## DATA BELOW
§

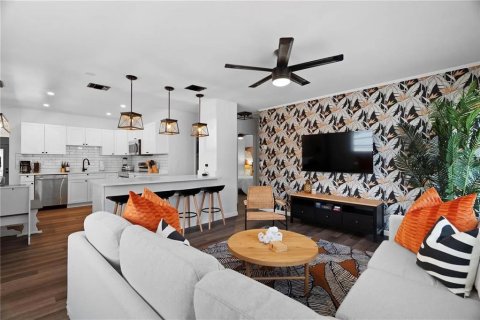 Immobilier commercial à vendre à Largo, Floride: 7 chambres, 345.97 m2 № 2100311 - photo 11
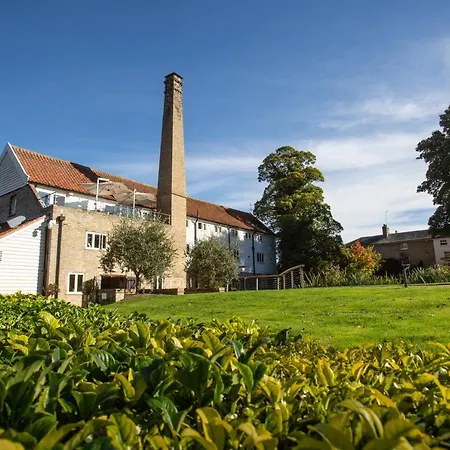 Tuddenham Mill Luxury Hotel-3
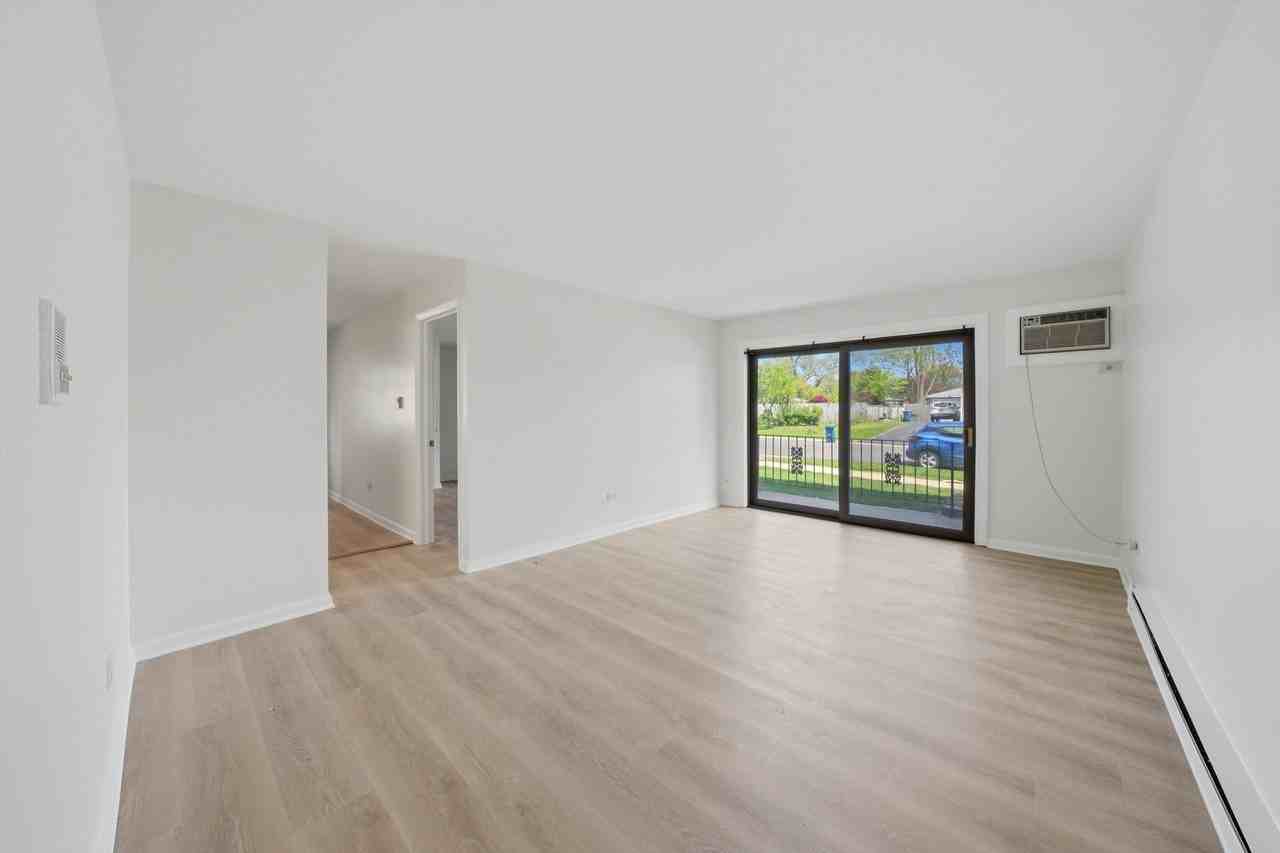 11810 S Komensky Ave #102 - Photo 7 of 21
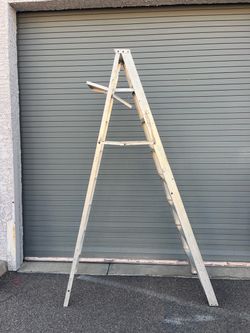8-Foot Aluminum A-Frame Ladder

§

## WORK TO BE COMPLETED
Skip the images and write out the rest of the listing exactly.

## PROBLEM SOLUTION
 Immobilier commercial à vendre à Largo, Floride: 7 chambres, 345.97 m2 № 2100311 - photo 11
 Tuddenham Mill Luxury Hotel-3
 11810 S Komensky Ave #102 - Photo 7 of 21
8-Foot Aluminum A-Frame Ladder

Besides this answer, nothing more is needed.